Nicht einmal 24 Stunden bleibt Frank-Walter Steinmeier (SPD) in Kolumbien. Doch der langen An- und Abreise zum Trotz will sich der deutsche Außenminister die historische Entwicklung, die das südamerikanische Land derzeit durchlebt, offenbar nicht entgehen lassen.

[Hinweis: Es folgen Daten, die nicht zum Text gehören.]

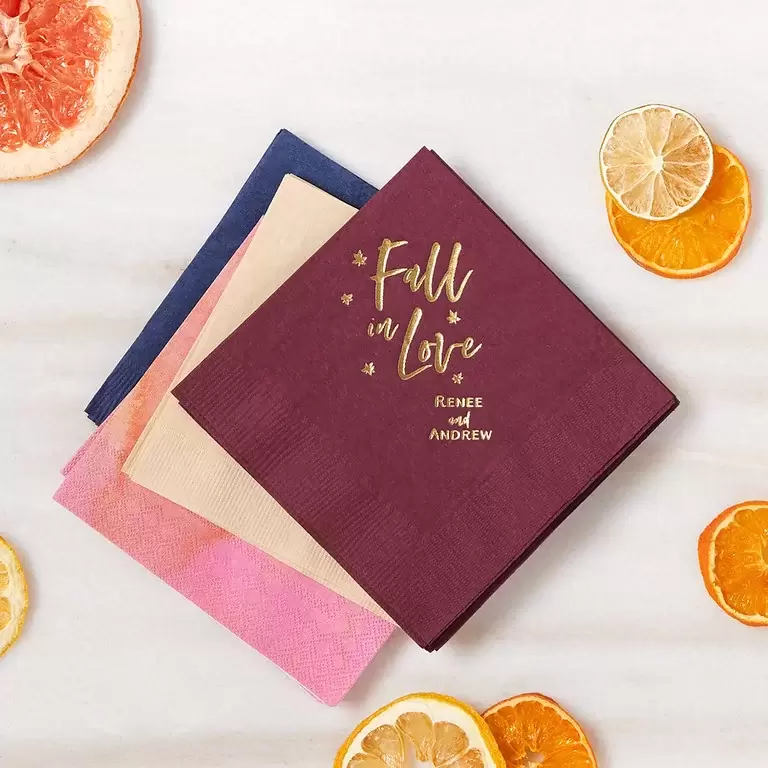 Create Fall Inspired Cocktail Napkins for Home or Events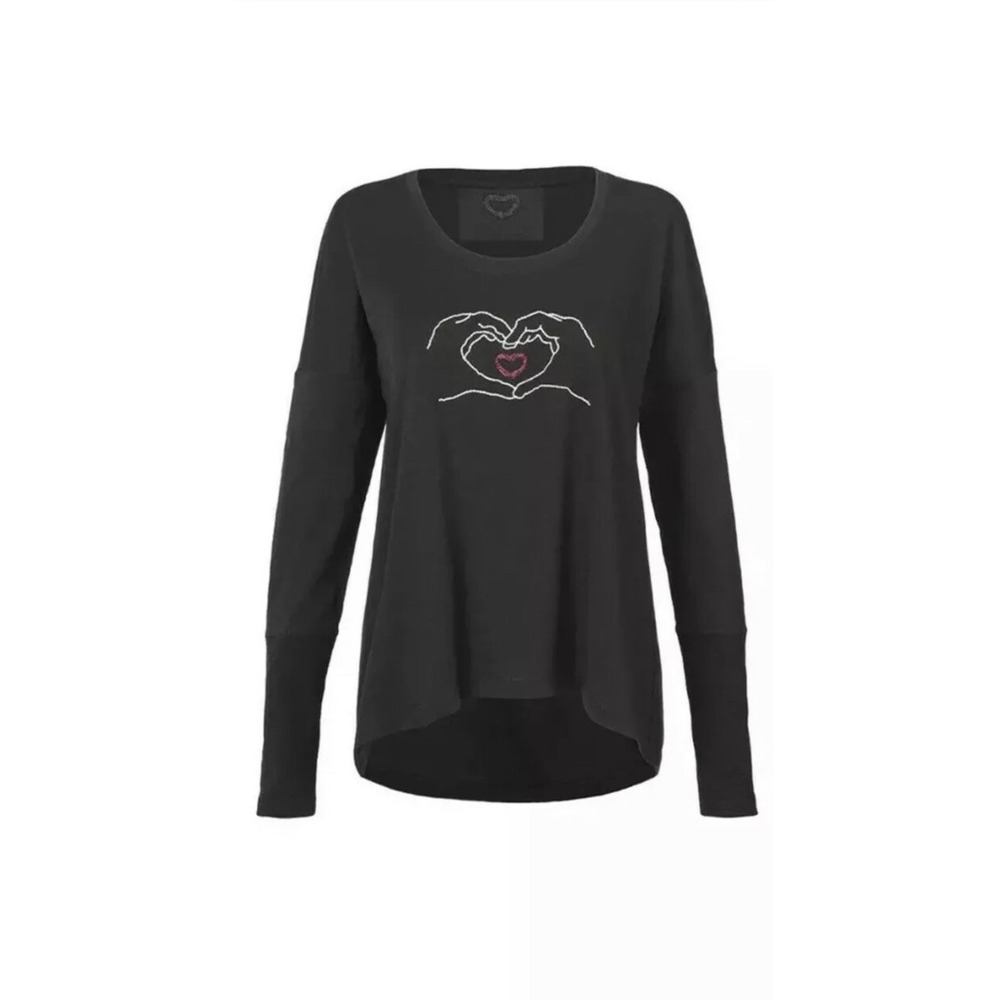Cabi Love You Tee 4197 Black Long Sleeve Heart Graphic Top Medium NWT Fall 2021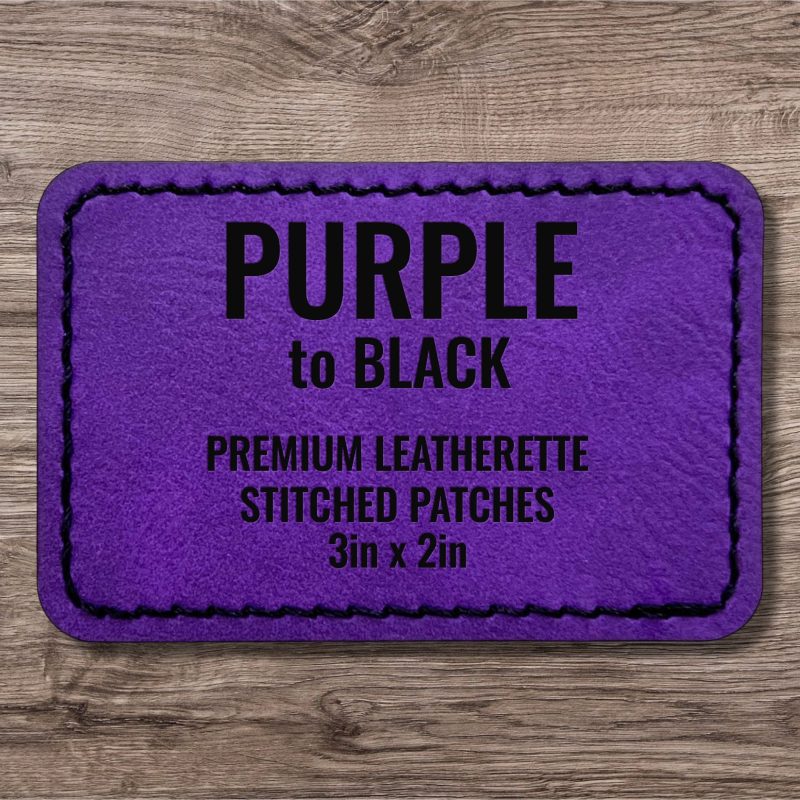 purple black premium leatherette stitched patches 575194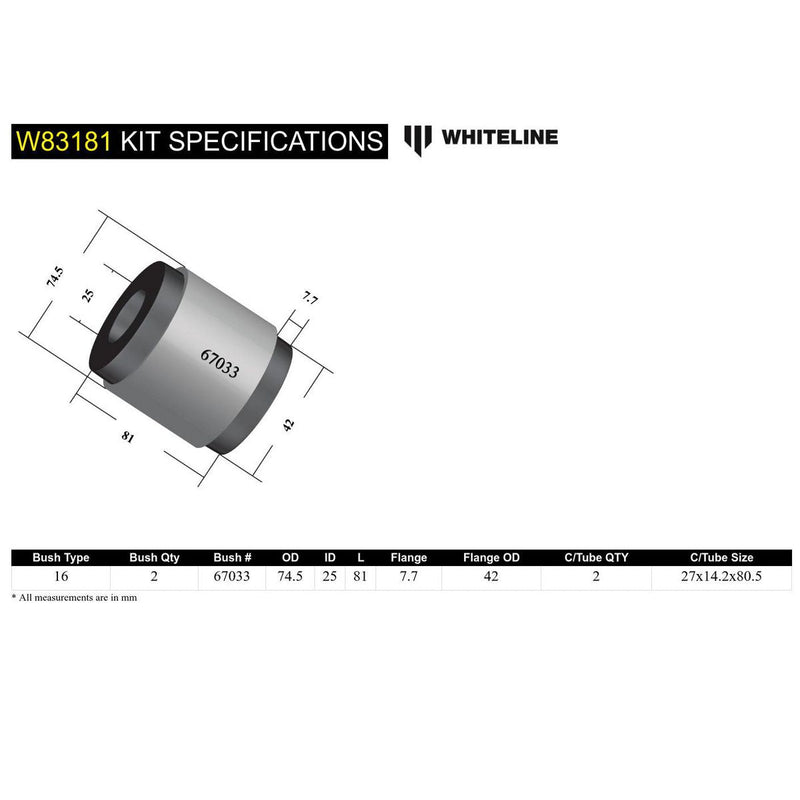 Whiteline W83181 Radius Arm Lower Bushing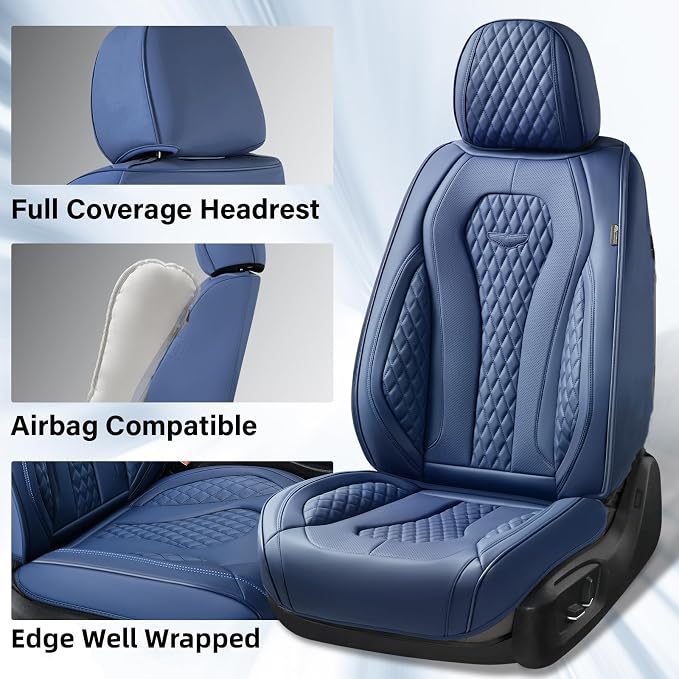Universal Faux Leather Seat Covers — Front Seat — Blue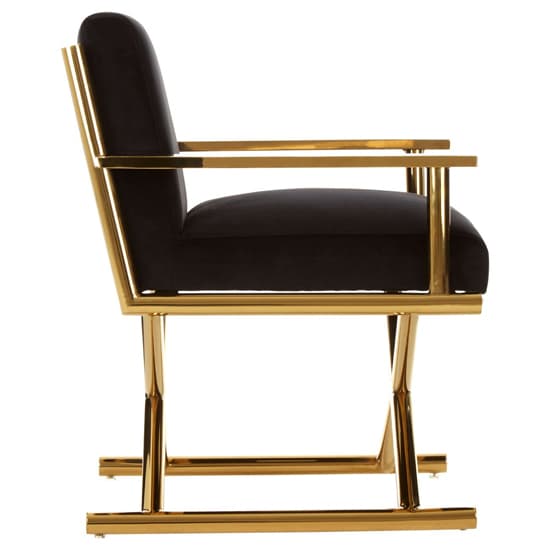 Agnetas Velvet Bedroom Chair In Black With Gold Frame_4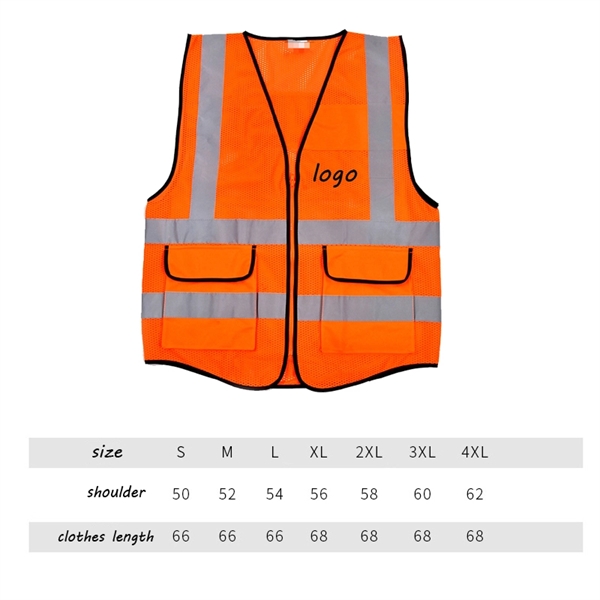 Reflective Vest With 2 Pockets - Reflective Vest With 2 Pockets - Image 0 of 1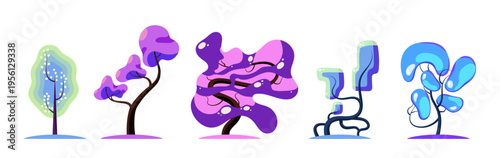 Set of cartoon trees with unusual shapes. Vector illustration. Game elements.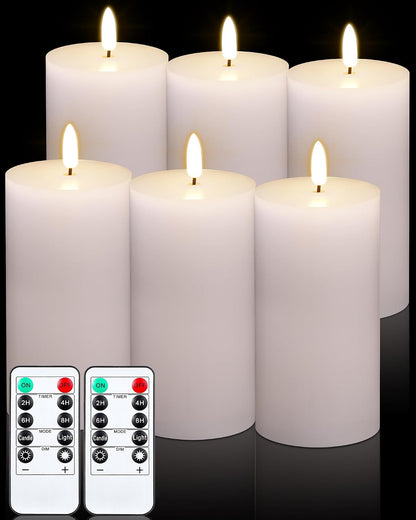VIHOSE 12 Pack White Flameless Candles Set with Remote and Timer Flickering Flameless Battery Candles Flat Top LED Pillar for Wedding Outdoor Home Festival Decoration(D 3'' H 4'' 5'' 6'')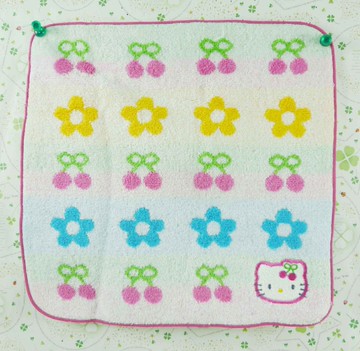 【震撼精品百貨】Hello Kitty 凱蒂貓 方巾/毛巾-彩色橫條 震撼日式精品百貨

Wie in der Ortschaft Mesetas in der zentralkolumbianischen Provinz Meta, die Steinmeier besuchen wird, findet in diesen Tagen vielerorts eine kleine Völkerwanderung statt. Tausende Guerilleros verlassen ihre Verstecke und Stellungen in den Bergen und dem Regenwald, um in sogenannten Normalisierungszonen ihre Waffen abzugeben und einen Schritt in Richtung Rückkehr in die Gesellschaft zu tun. Nur ein paar Tage nach Steinmeier kommt auch Frankreichs Präsident Francois Hollande, um sich von dem Geschehen in Kolumbien ein Bild zu machen.
Friedensabkommen nach jahrelangen Verhandlungen
Die kolumbianische Regierung von Präsident Juan Manuel Santos und die FARC hatten sich im vergangenen Jahr nach vierjährigen Verhandlungen auf ein Friedensabkommen verständigt. In Folge der Abmachung hat nun die Demobilisierung der FARC begonnen. "Deutschland und Frankreich haben uns vom ersten Moment an im Friedensprozess unterstützt", sagte die kolumbianische Außenministerin Maria Angela Holguin im Vorfeld der Besuche, die in kolumbianischen Medien breiten Raum einnehmen.
Neues Institut für den Frieden
Beide Länder würden zudem den europäischen Fonds für die weitere gesellschaftliche Aufarbeitung des Konflikts mittragen. Es ist nicht der einzige Anlass, der Steinmeier nach Bogota führt. Am Freitag wird er auch den Startschuss für das deutsch-kolumbianische Friedensinstitut geben, für das der deutsche Botschafter Michael Bock bereits kräftig die Werbetrommel rührt. "CAPAZ" heißt die neue Einrichtung, wie die deutsche Botschaft in dieser Woche mitteilte.
Geführt wird das Institut von einer "Allianz der kolumbianischen Universitäten für den Frieden" und der Justus-Liebig-Universität aus Gießen. Der Deutsche Akademische Austausch Dienst (DAAD) ist federführend mit im Boot. Ziel des Instituts, das sich erst noch personell und organisatorisch aufstellen muss, ist unter anderem die Unterstützung der kolumbianischen Zivilgesellschaft bei Konfliktforschung und -prävention. Die vielschichtigen Ursachen des Konflikts mit seiner extremen Gewalt von links und rechts als auch vom Staat gegen die Zivilbevölkerung sind für Friedensforscher ein wichtiges Betätigungsfeld.
Feier von Soldaten und Guerillas sorgt für Unmut
Nachdem der Friedensvertrag im vergangenen Jahr unter Dach und Fach gebracht wurde, drückt die Regierung von Präsident und Friedensnobelpreisträger Juan Manuel Santos nun aufs Tempo. Das Amnestiegesetz ist verabschiedet, die ersten Begnadigungen wurden ausgesprochen, der politische Arm der FARC hat im Parlament seine Arbeit aufgenommen.
So viele gute Nachrichten machen offenbar übermütig. Zum Jahreswechsel tauchten Bilder von UN-Mitarbeitern auf, die mit FARC-Guerilleras in den Demobilisierungszonen auf einer Silvesterparty tanzten. Dabei sollten die betroffenen UN-Mitarbeiter eigentlich als unabhängige Beobachter den Umzug und die Entwaffnung der FARC-Kämpfer überwachen. Bei Kritikern des Friedensprozesses, die in Kolumbien bei der Volksabstimmung über einen ersten Entwurf des Abkommens noch die Oberhand behalten hatten, kam dies nicht gut an.
Immerhin trägt die Guerilla eine erhebliche Mitverantwortung an dem jahrzehntelangen Konflikt, der mindestens 220.000 Menschenleben forderte und mehr als fünf Millionen zu Binnenflüchtlingen machte. Noch immer warten zahlreiche Familien auf Informationen über das Schicksal ihrer seit Jahren vermissten Angehörigen. An den Bildern der UN-Mitarbeiter in Feierlaune entzündete sich im Land eine heftige Debatte. Neben der Kritik gibt es jedoch auch Unterstützung: Nachdem einige der Mitarbeiter ausgetauscht wurden, sollen am Freitag in manchen kolumbianischen Städten Solidaritätstänze stattfinden.